This article is contributed. See the original author and article here.

Apache Spark has been a long-time favorite tool amongst data engineers and data scientists; it is well known for handling large scale data processing and complex machine learning workloads.


 


Azure Synapse Analytics offers a fully managed and integrated Apache Spark experience. By leveraging Apache Spark in Azure Synapse, you can benefit from integrated security, fully managed provisioning, and tight-coupling to other Azure services, such as SQL databases (dedicated and serverless), Azure Key Vault , ADLS Gen2, and Azure Blob Storage as well as fast starting, high performance compute instances.


 


Deploying an Apache Spark pool from the Synapse Studio


In the Synapse Studio, access the Manage Hub by selecting the briefcase icon in the left menu. In the blade menu, select Apache Spark pools from beneath the Analytics pools heading.
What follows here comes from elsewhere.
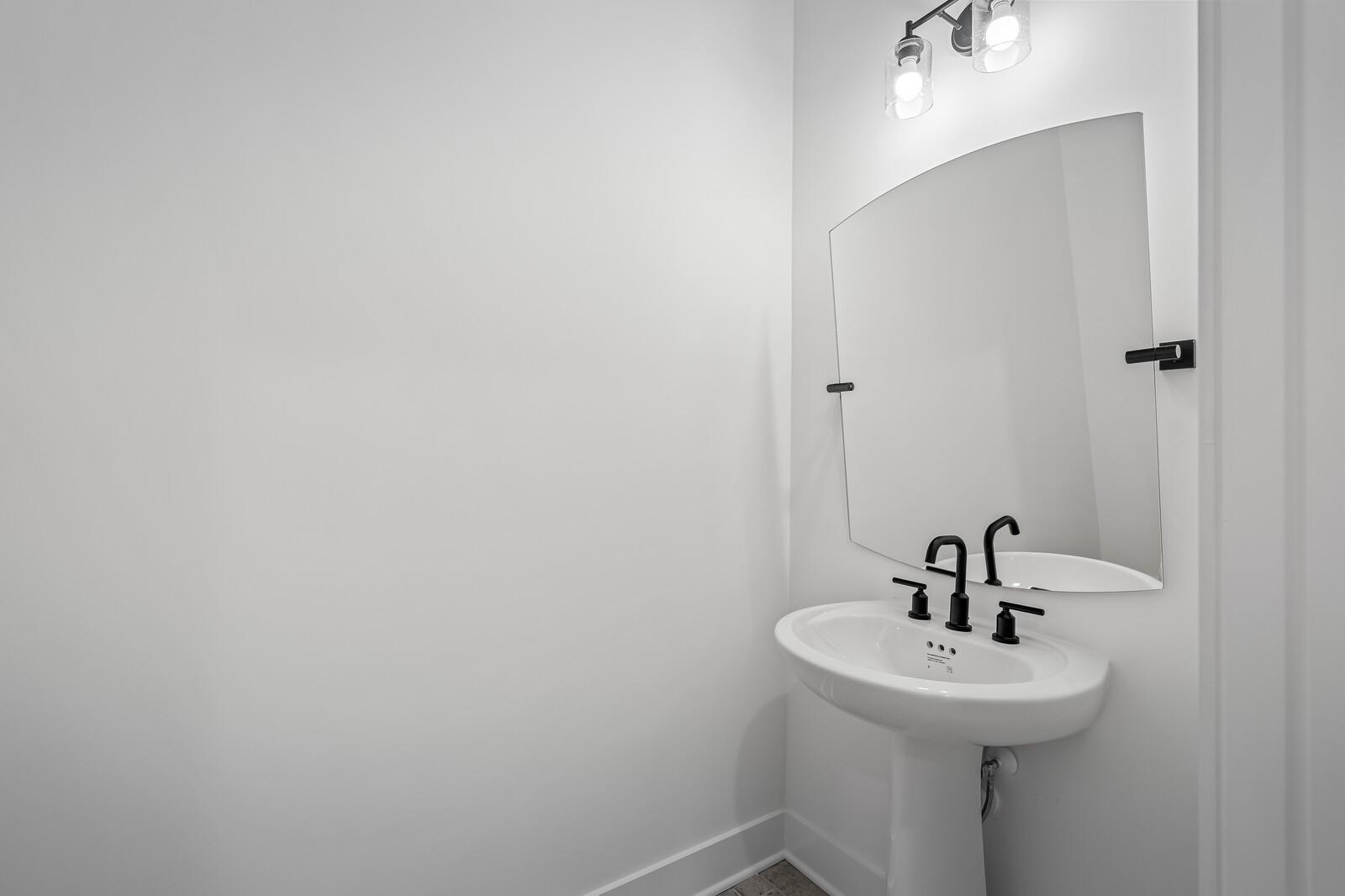 Elegant powder room with white pedestal sink, black faucet, round mirror, and sconces in Davidson Homes The Alston A, Murfreesboro, TN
In the toolbar of the Apache Spark pool screen, select the + New button.


 

image.png


In the Manage Hub, Apache Spark pools screen, the + New button is selected.


 


The Create Apache Spark pool blade will display on the right side of the screen. In this form, the only value you must enter is the Apache Spark pool name field. Enter your desired name and let the rest of the fields retain their default values. Select the Review + Create button, and after validation has succeeded, select Create.


 

 

image.png


The Create Apache Spark pool form is shown.


 


In a few moments, the newly created Apache Spark pool will display in the Apache Spark pool screen listing. Notice how fast and easy it was to get started using Apache Spark in Azure Synapse.


 

image.png


The new Apache Spark Pool is shown in the listing.


 


Learning Apache Spark using Knowledge Center samples


If you are new to Apache Spark, the Knowledge Center directly available in Azure Synapse contains fully functional samples that you can quickly deploy into your workspace to kickstart your learning process. To access the Knowledge Center, expand the ? menu located next to your user account information in the Synapse Studio header, and select the Knowledge center item.


 

image.png


The question mark menu is expanded in the header with the Knowledge center item selected.


 


In the Knowledge Center, select the Use samples immediately card.


 

image.png


In the Knowledge center screen, the Use samples immediately card is selected.


 


The Use samples immediately blade will display on the screen’s right. Select the Explore sample data with Spark item.


 

image.png


The Use samples immediately blade is shown with the Explore sample data with Spark item selected.


 


The Knowledge center will then deploy a notebook named Explore sample data with Spark in the Develop Hub, and if your permissions allow it, it will also create a new Apache Spark pool named SampleSpark.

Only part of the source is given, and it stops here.